Java(TM) SE Runtime Environment (build 1.7.0_76-b13)
Java HotSpot(TM) 64-Bit Server VM (build 24.76-b04, mixed mode)

And for AMI 3.7.0 (on both master and core nodes):

[hadoop@ip-xxx-xx-xx-xx ~]$ java -version
java version "1.7.0_71"
Java(TM) SE Runtime Environment (build 1.7.0_71-b14)
Java HotSpot(TM) 64-Bit Server VM (build 24.71-b01, mixed mode)
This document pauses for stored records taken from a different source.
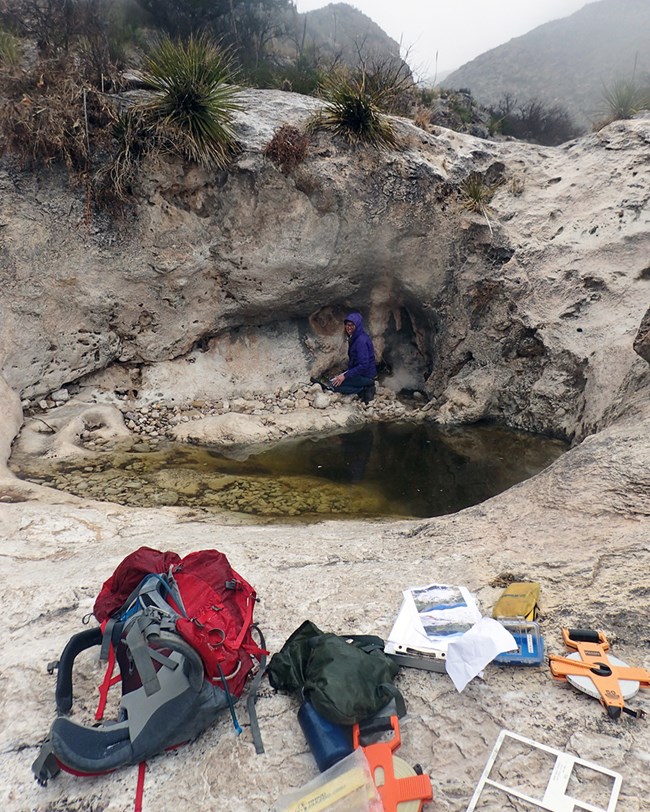 A scientist, backpack, measuring tapes, and clipboard next to a pool of water in a bedrock depression.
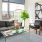 Spacious and well lit living room with wood floors and an open floor plan with access to the kitchen.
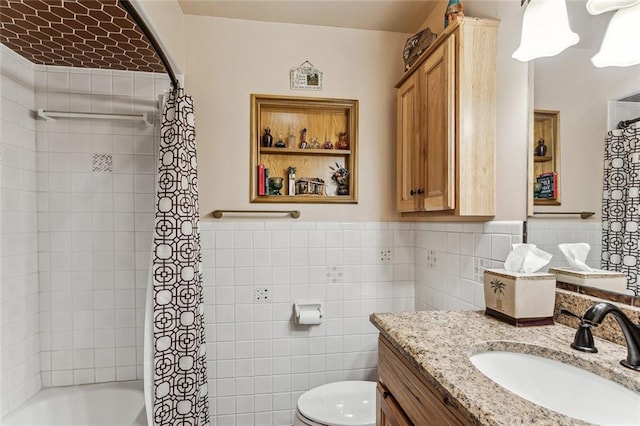 full bathroom with tile walls, toilet, shower / bath combination with curtain, vanity, and built in shelves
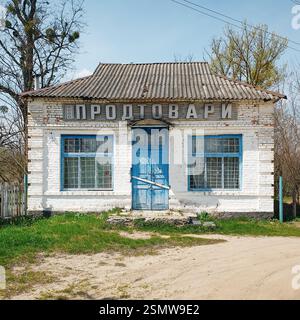 Old food store building in a village. White one-storey grocery shop with blue doors and window frames. Shop closed for a weekend. Stock Photo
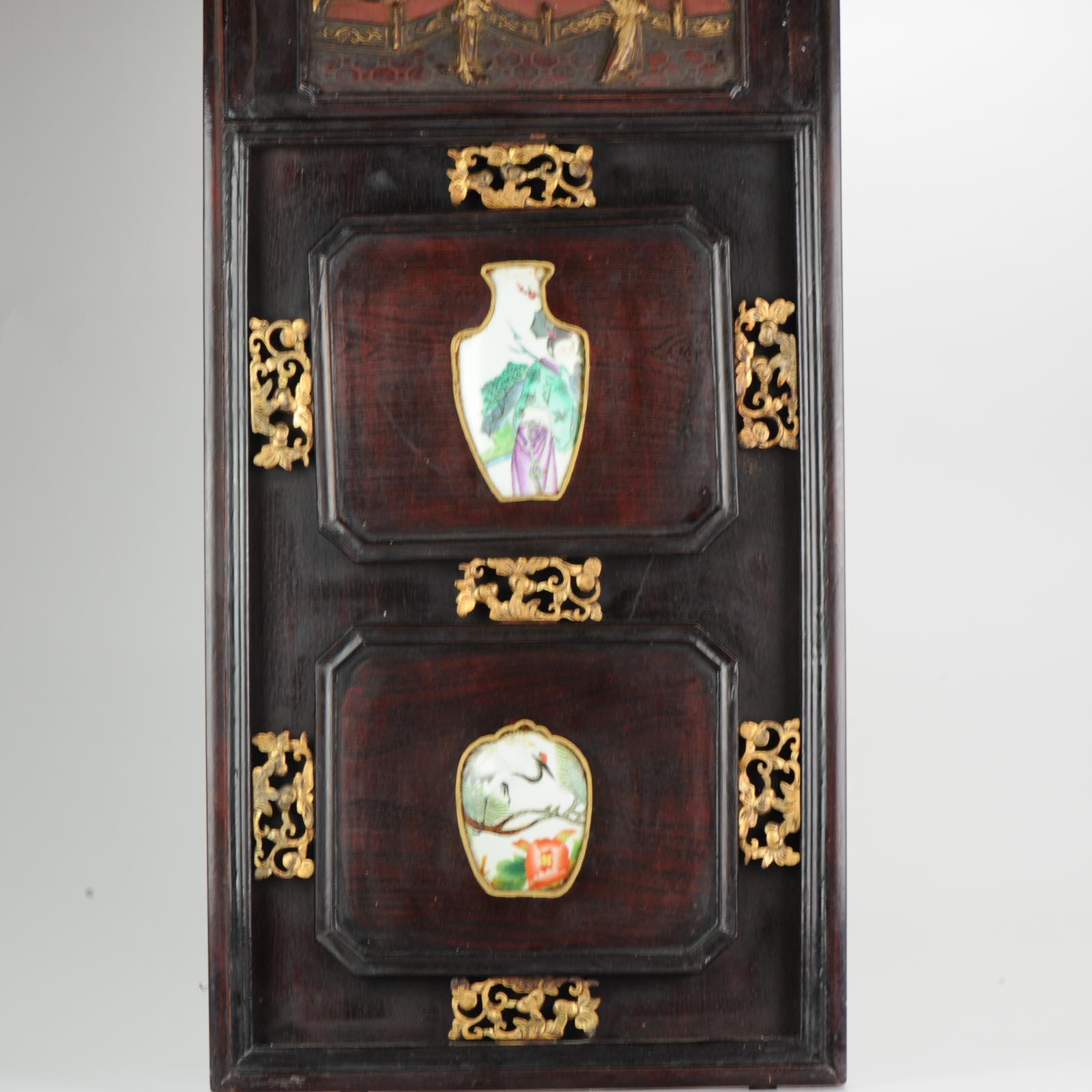 A very nice and unusual example. Large wooden carved frame with 2 porcelain rounded items in it. 1 with a crane and 1 with a woman. The porcelain pieces are round. Made of shards of porcelain broken during the cultural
Could the different JRE versions be to blame?


Solution

  • As reluctant as I am to make the claim, this appears to be a JVM bug. In the OpenJDK source for java.net.URL, the entirety of the toExternalForm() method is a delegation to a handler, which is a transient field:

    public String toExternalForm() {
        return handler.toExternalForm(this);
    }
    

    The only way in which this could throw an NPE is if handler is null. As far as I can tell, all constructor paths and the readObject(ObjectInputStream) method ensure that the handler field is set and throw exceptions (either MalformedURLException or IOException) if it can't be. For example:

    private synchronized void readObject(java.io.ObjectInputStream s)
         throws IOException, ClassNotFoundException
    {
        s.defaultReadObject();  // read the fields
        if ((handler = getURLStreamHandler(protocol)) == null) {
            throw new IOException("unknown protocol: " + protocol);
        }
    ...
    

    I note that there was a public JRE 7u79 release and would suggest trying that version if upgrading to Java 8 isn't feasible.